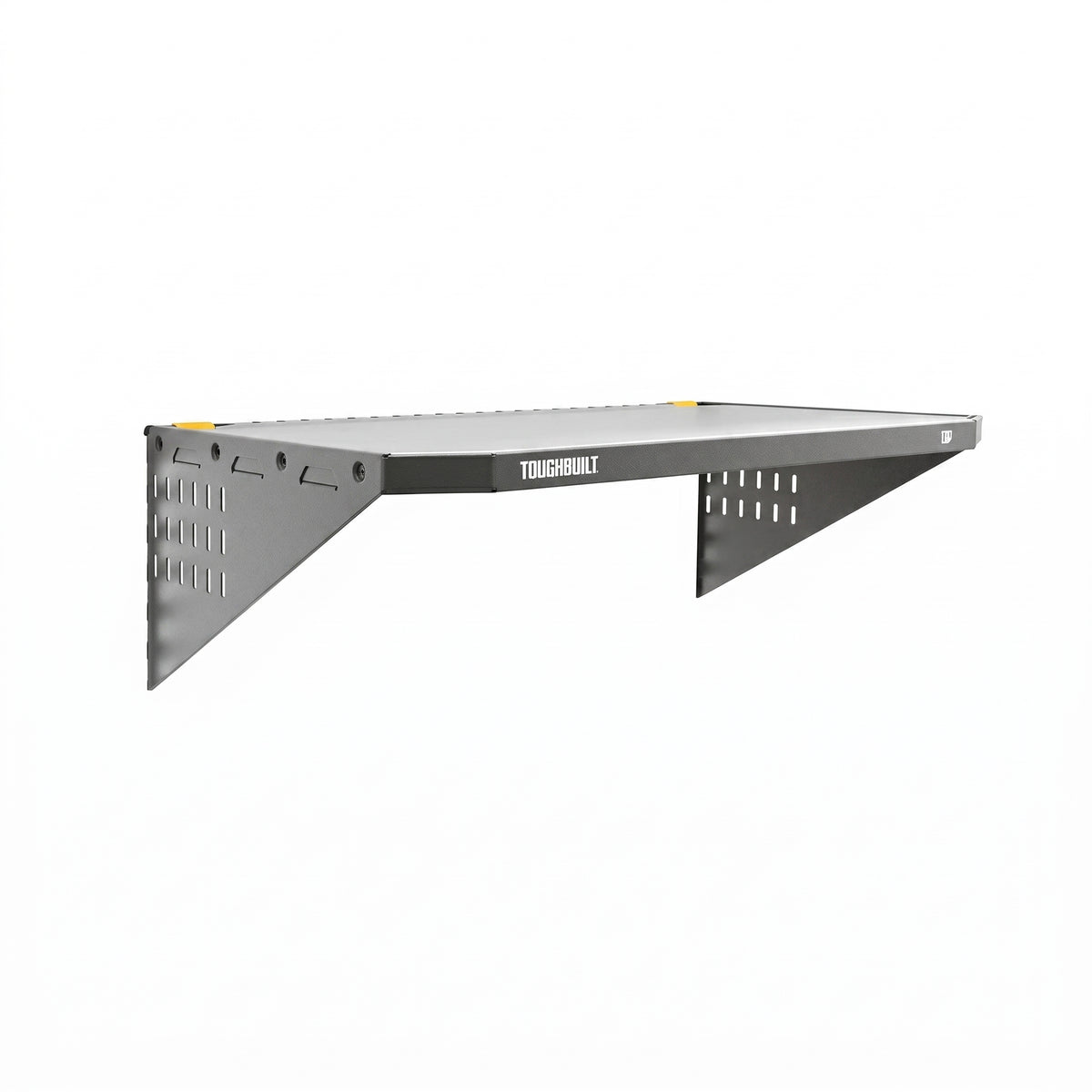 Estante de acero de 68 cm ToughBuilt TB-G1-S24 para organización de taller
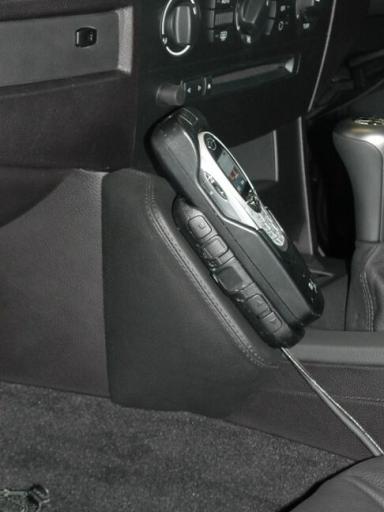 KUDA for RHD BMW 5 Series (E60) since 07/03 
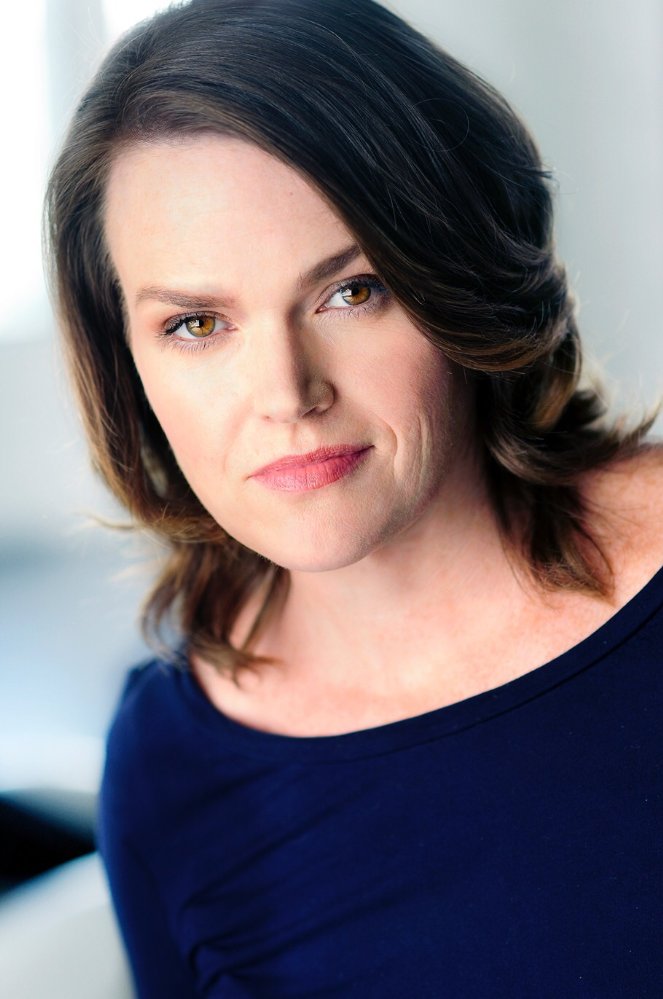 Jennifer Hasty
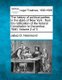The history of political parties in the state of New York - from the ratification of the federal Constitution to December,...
==============================
- _Task_
Nothing but the pictures should be left out when the listing above is transcribed.

- _Answer to this exercise_
 Estante de acero de 68 cm ToughBuilt TB-G1-S24 para organización de taller
 KUDA for RHD BMW 5 Series (E60) since 07/03 
 Jennifer Hasty
The history of political parties in the state of New York - from the ratification of the federal Constitution to December,...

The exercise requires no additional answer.